**Exercise aim:** Retype every line from the start of the data down to and including the line with "ein Restaurant mit". Skip the pictures.

─── Source data

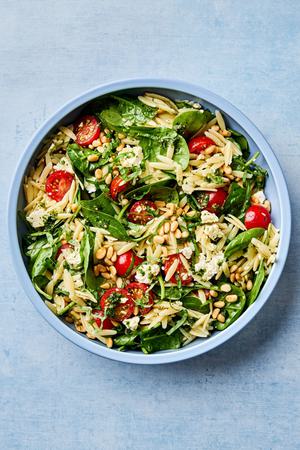 Spinach Orzo Salad With Feta Tomatoes and a Basil Dressing topped with basil and pine nuts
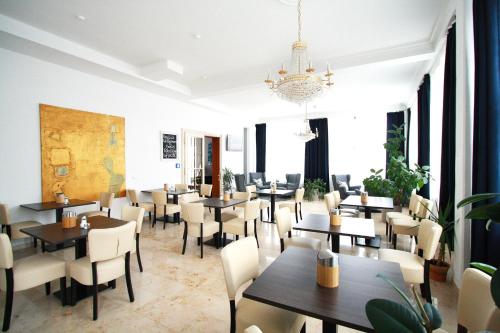 ein Restaurant mit Tischen, Stühlen und einem Kronleuchter in der Unterkunft Novitel Hotel Kirchheim - München Messe in Kirchheim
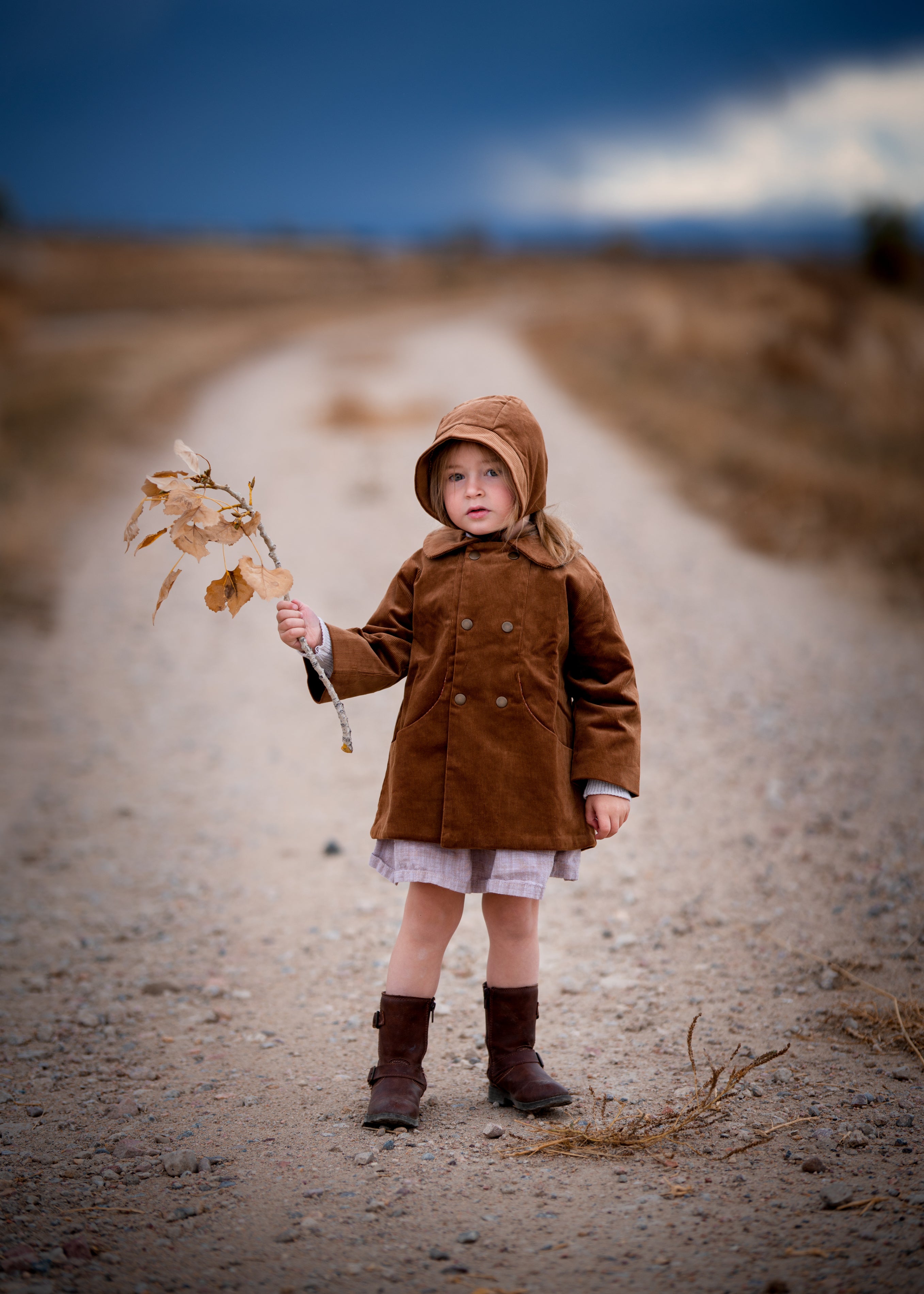 Model girl wearing the Camel Bonnet, front view - This image features the model showcasing the bonnet from the front, highlighting its snug fit and timeless style on the little one.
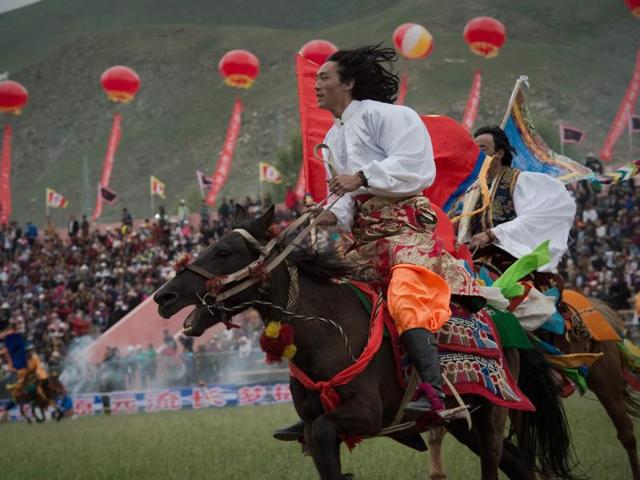 Its spectacular horse festival is held every year on July 25 and sees the participation of around 10,000 people.Tibetans ride horses in traditional dress, showing their horsemanship skills, including archery on horseback and racing. (AFP) Its spectacular horse festival is held every year on July 25 and sees the participation of around 10,000 people.Tibetans ride horses in traditional dress, showing their horsemanship skills, including archery on horseback and racing. (AFP)
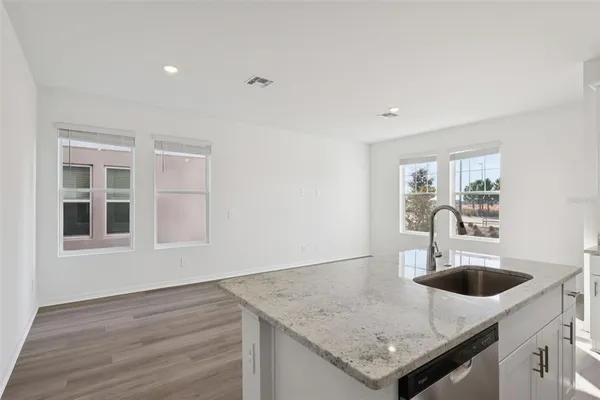 a kitchen with granite countertop a sink and a window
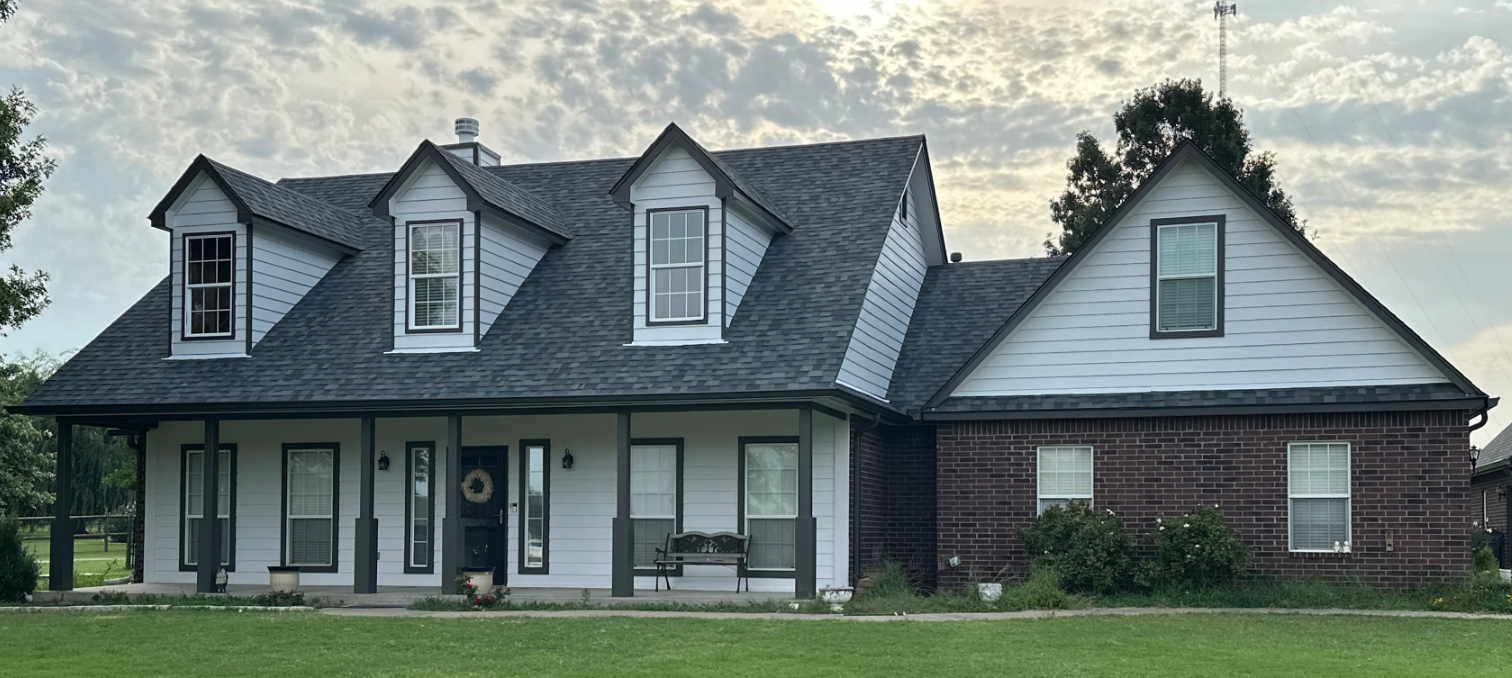 Owasso home after new roof installation and exterior painting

──────

**Solution to this problem:**
 Spinach Orzo Salad With Feta Tomatoes and a Basil Dressing topped with basil and pine nuts
 ein Restaurant mit Tischen, Stühlen und einem Kronleuchter in der Unterkunft Novitel Hotel Kirchheim - München Messe in Kirchheim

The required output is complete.